Mais le présent volume revient surtout sur le parcours de ce sociologue très indépendant, qui participa à la reconnaissance académique des sciences sociales, notamment à la création de leur « agrégation » au tout début des années 1980. Longtemps « caïman » rue d’Ulm à l’ENS (il était préparateur au concours), il fut surtout chercheur et précurseur par des méthodes originales – et collectives – d’enquête et d’élaboration d’objets de recherches.

Passionné par sa tâche d’enseignant, se voyant comme un « passeur » et non un « patron de labo », encore moins un « chef d’école », Jean-Claude Chamboredon déclarait surtout « aimer enseigner » comme un entraîneur, ainsi qu’il le confia lors d’un entretien en 2009 avec ses anciens ­doctorants – puis collègues – Paul Pasquali et Samir Hadj-Belgacem : « La meilleure métaphore de l’enseignement, c’est l’entraîneur, parce qu’il ne court pas forcément mais qu’il apprend aux autres à courir. »

Grand amateur de sports d’équipe, notamment de football et surtout de rugby, ce Méridional œuvra à construire un « modèle scientifique » (et une méthode) de recherche « reposant sur une forte capacité collective de travail » : un modèle qui se voulait d’abord celui de « la coopérative artisanale, et non celui de l’artiste, du chef d’entreprise ou du chef de guerre ».
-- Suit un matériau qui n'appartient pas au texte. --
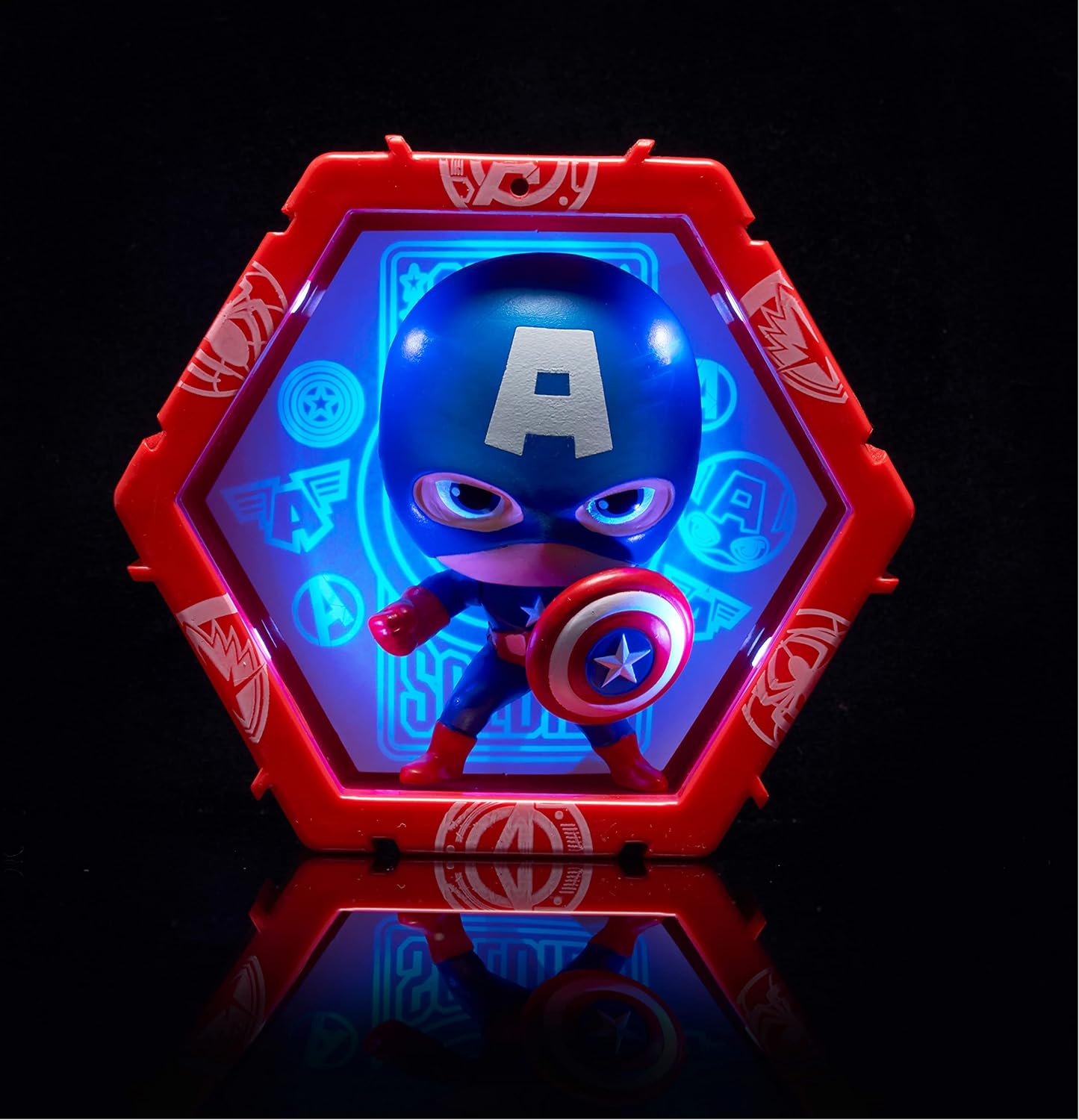 WOW! PODS Avengers Collection - Captain America | Superhero Light-Up Bobble-Head Figure | Official Marvel Collectable Toys & Gifts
C’est là l’appréciation de Florence Weber, qui s’orienta vers la sociologie, voie encore peu prisée par les normaliens et encore moins les normaliennes, à la fin des années 1970, dans un article émouvant où elle narre l’importance de sa formation et « son intense relation pédagogique » avec Jean-Claude Chamboredon. Celui-ci accueillit (en 1977 dans son cas) rue d’Ulm les toutes premières « sévriennes » (ou « jeunes filles de l’École normale supérieure de Sèvres »), puisque les deux institutions ne fusionnèrent qu’en 1985 !

Au plus près du terrain

L’ouvrage, dirigé par les sociologues Stéphane Beaud et Jean-Louis Fabiani et l’historien Jacques Revel, rassemble donc les souvenirs et analyses sur ce chercheur qui cultiva à la fois une grande indépendance d’esprit et une volonté de travail et d’enquêtes au plus près du terrain et de ses collaborateurs – souvent plus jeunes. Chacune et chacun souligne, dans son domaine d’intérêt, les multiples sociologies sur lesquelles Chamboredon, personnage sans conteste attachant, se focalisa : de la sociologie de la culture ou de l’éducation à la sociologie rurale mais aussi urbaine.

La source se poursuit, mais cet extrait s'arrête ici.